DATA SECTION START

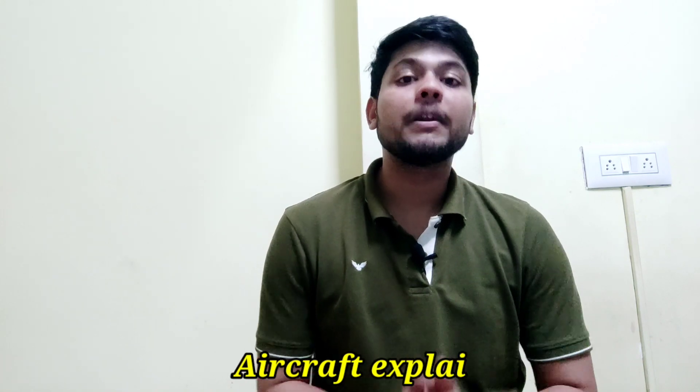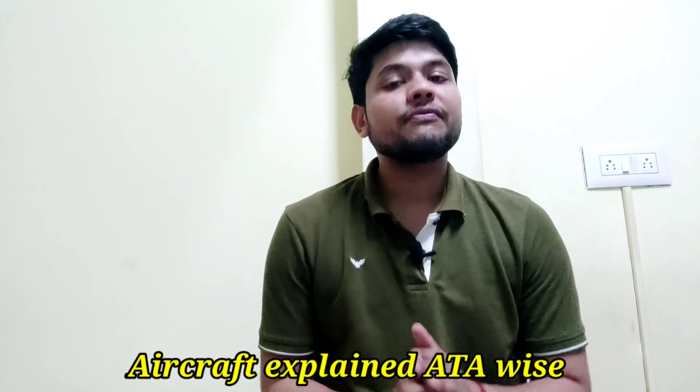Hi guys, hope you are doing well. I want to welcome you all to this video series that is Aircraft Explained ATA-wise. In this video I am going to explain ATA 12, that is servicing. So first of all we will understand what this term servicing means.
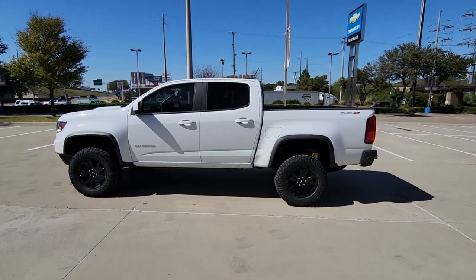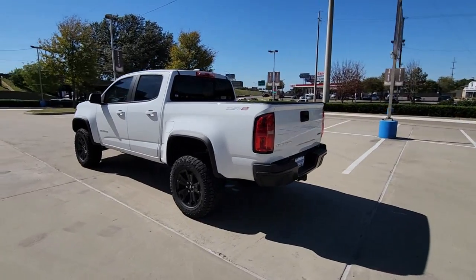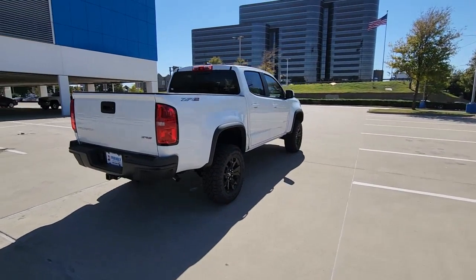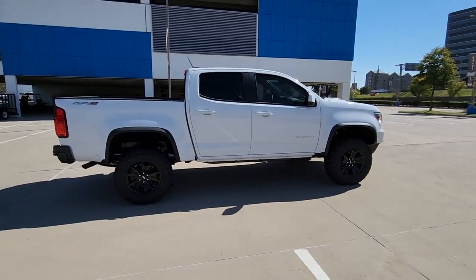Looking for your dream car? It could be the 2022 Chevrolet Colorado. The Colorado packs fuel efficiency, creature comforts, and can-do capabilities into a mid-sized pickup that's fun and easy to drive, whether you're in the city or on the worksite.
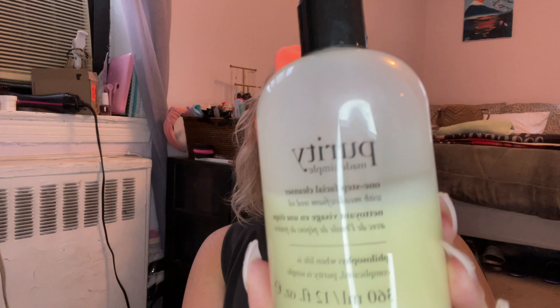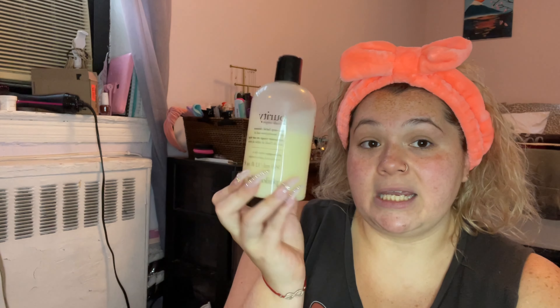I do use birth control which helps with pimples and stuff — I don't want y'all thinking I'm walking around with perfect skin because that was not always the case. Every single day I use the Purity Made Simple one-step facial cleanser. This has worked miracles for me. Fun fact: when I was younger I never cleansed my face and never used moisturizer, and that's when I had the most acne.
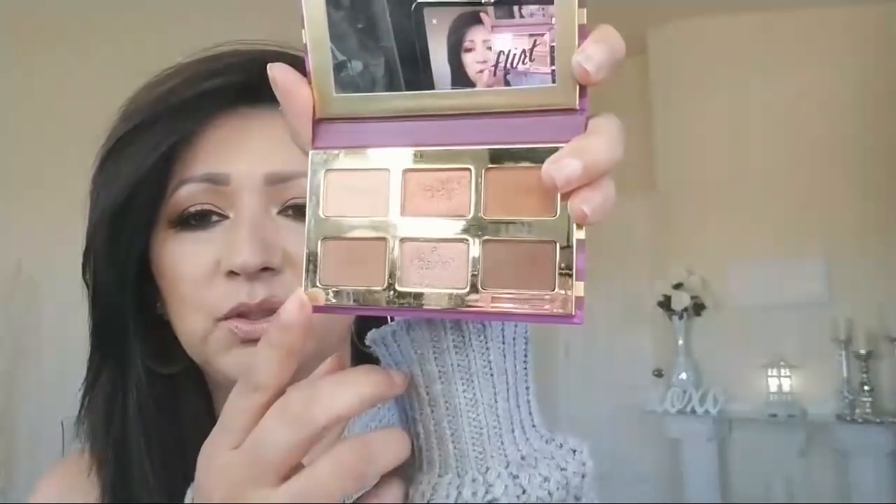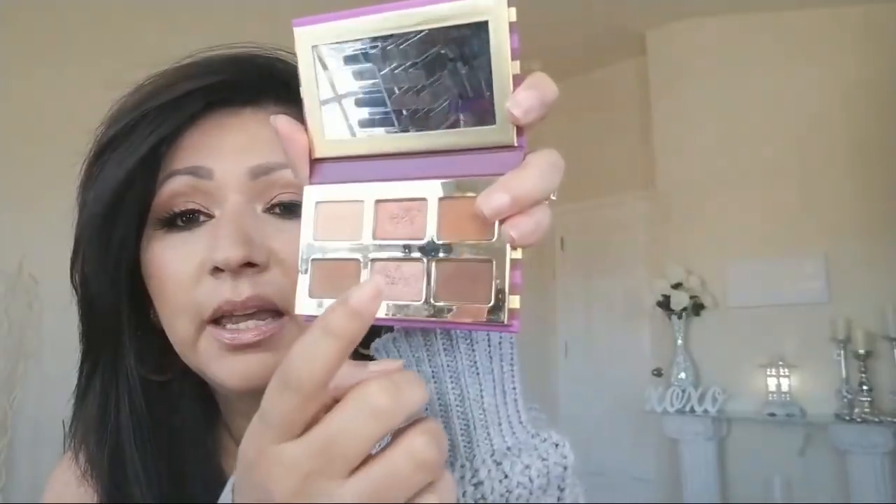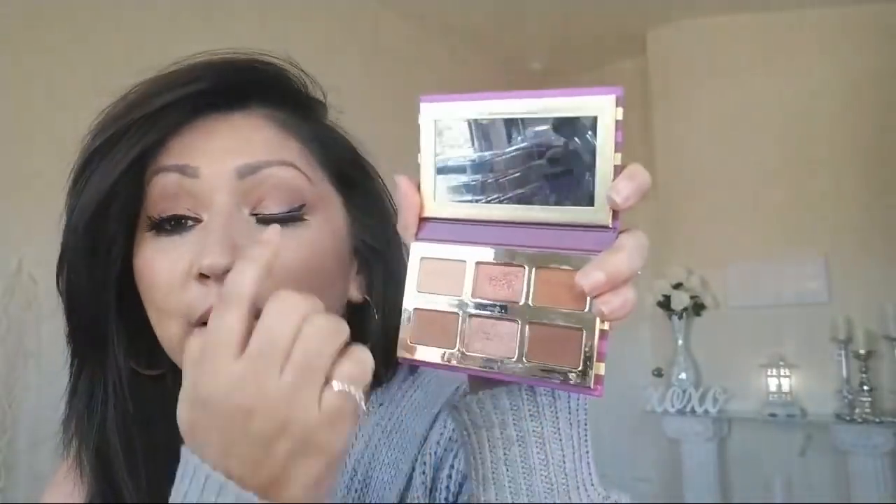I've just got very simple eye makeup on. I used this little Flirt palette right here — it's by Tarte, it's Tarte Tartelette Flirt. It's a mini size of their bigger version. I used this color and this one in the transition area, and then I used this color on the lid. Thanks for the compliment.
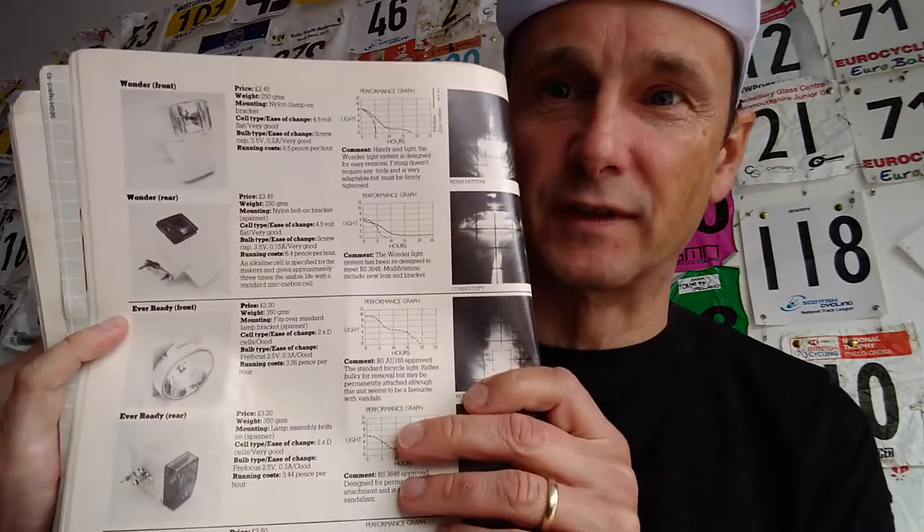Now this light survey is something I was really interested in as a 15 year old because I didn't have any lights and I wanted to buy some. So I flicked through it and bought the best on test — the Wonder Lights — which were pretty rubbish. Lights in those days, the batteries didn't last long and they fell off the bikes. But it's quite a comprehensive test — you've got the shapes of the beams, you've got graphs to show the battery life. This is really what magazines today do, but I've never seen anything so in depth as that.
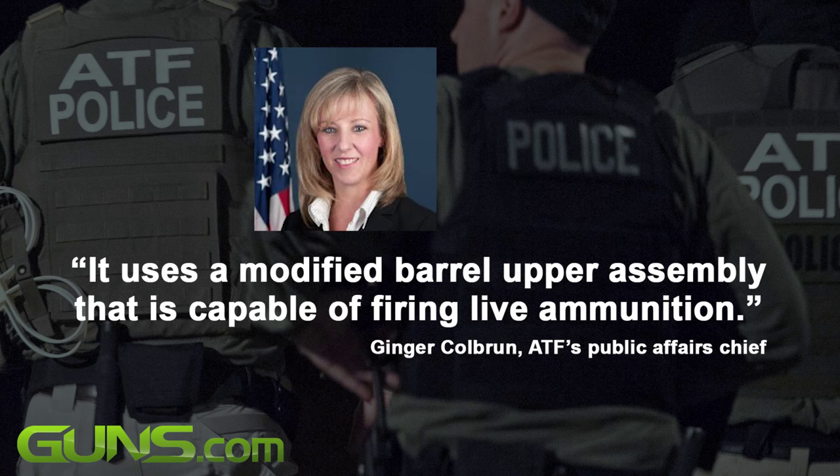According to Ginger Colbrin, ATF's public affairs chief, speaking to Guns.com, the can launcher falls into a prohibited status because it uses a modified barrel upper assembly that is capable of firing live ammunition.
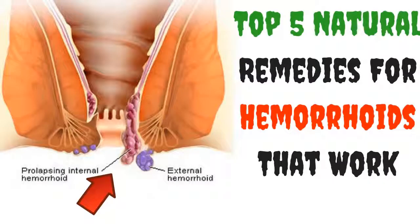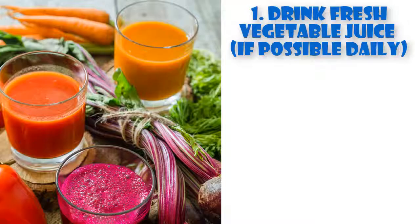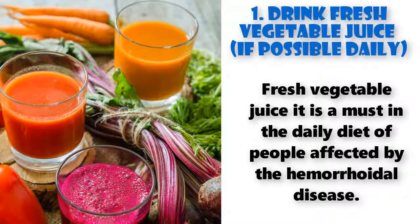How to get rid of hemorrhoids naturally: top natural remedies for hemorrhoids that work. Number one: drink fresh vegetable juice if possible daily. Fresh vegetable juice is a must in the daily diet of people affected by hemorrhoidal disease.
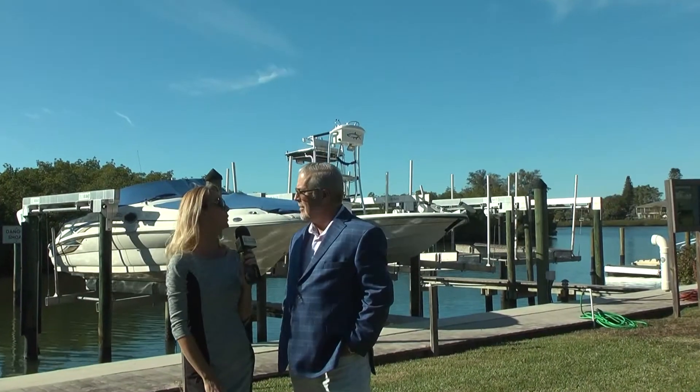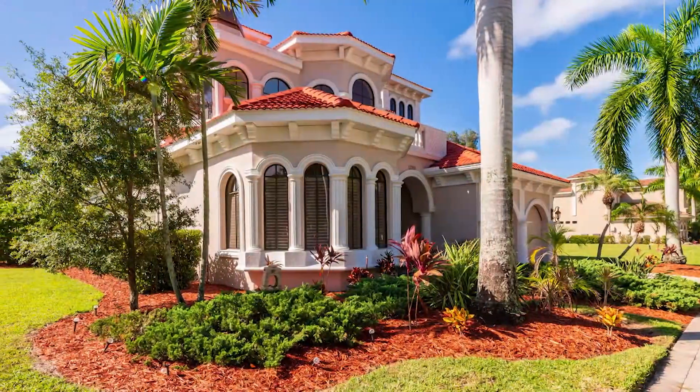How can our viewers get more information? Please come by and visit and see why this is the perfect place for you to call home. You can call me at 941-780-9763. I'm proud to work for RE-MAX Alliance Group here in Sarasota, and a member of the Lee Brewer team.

DATA SECTION END

[WHAT NEEDS TO BE DONE] Word for word, give again the lines from the first entry to the line with "How to get rid", inclusive. Exclude the pictures.

[WRITTEN RESPONSE]
Hi guys, hope you are doing well. I want to welcome you all to this video series that is Aircraft Explained ATA-wise. In this video I am going to explain ATA 12, that is servicing. So first of all we will understand what this term servicing means.
Looking for your dream car? It could be the 2022 Chevrolet Colorado. The Colorado packs fuel efficiency, creature comforts, and can-do capabilities into a mid-sized pickup that's fun and easy to drive, whether you're in the city or on the worksite.
I do use birth control which helps with pimples and stuff — I don't want y'all thinking I'm walking around with perfect skin because that was not always the case. Every single day I use the Purity Made Simple one-step facial cleanser. This has worked miracles for me. Fun fact: when I was younger I never cleansed my face and never used moisturizer, and that's when I had the most acne.
I've just got very simple eye makeup on. I used this little Flirt palette right here — it's by Tarte, it's Tarte Tartelette Flirt. It's a mini size of their bigger version. I used this color and this one in the transition area, and then I used this color on the lid. Thanks for the compliment.
Now this light survey is something I was really interested in as a 15 year old because I didn't have any lights and I wanted to buy some. So I flicked through it and bought the best on test — the Wonder Lights — which were pretty rubbish. Lights in those days, the batteries didn't last long and they fell off the bikes. But it's quite a comprehensive test — you've got the shapes of the beams, you've got graphs to show the battery life. This is really what magazines today do, but I've never seen anything so in depth as that.
According to Ginger Colbrin, ATF's public affairs chief, speaking to Guns.com, the can launcher falls into a prohibited status because it uses a modified barrel upper assembly that is capable of firing live ammunition.
How to get rid of hemorrhoids naturally: top natural remedies for hemorrhoids that work. Number one: drink fresh vegetable juice if possible daily. Fresh vegetable juice is a must in the daily diet of people affected by hemorrhoidal disease.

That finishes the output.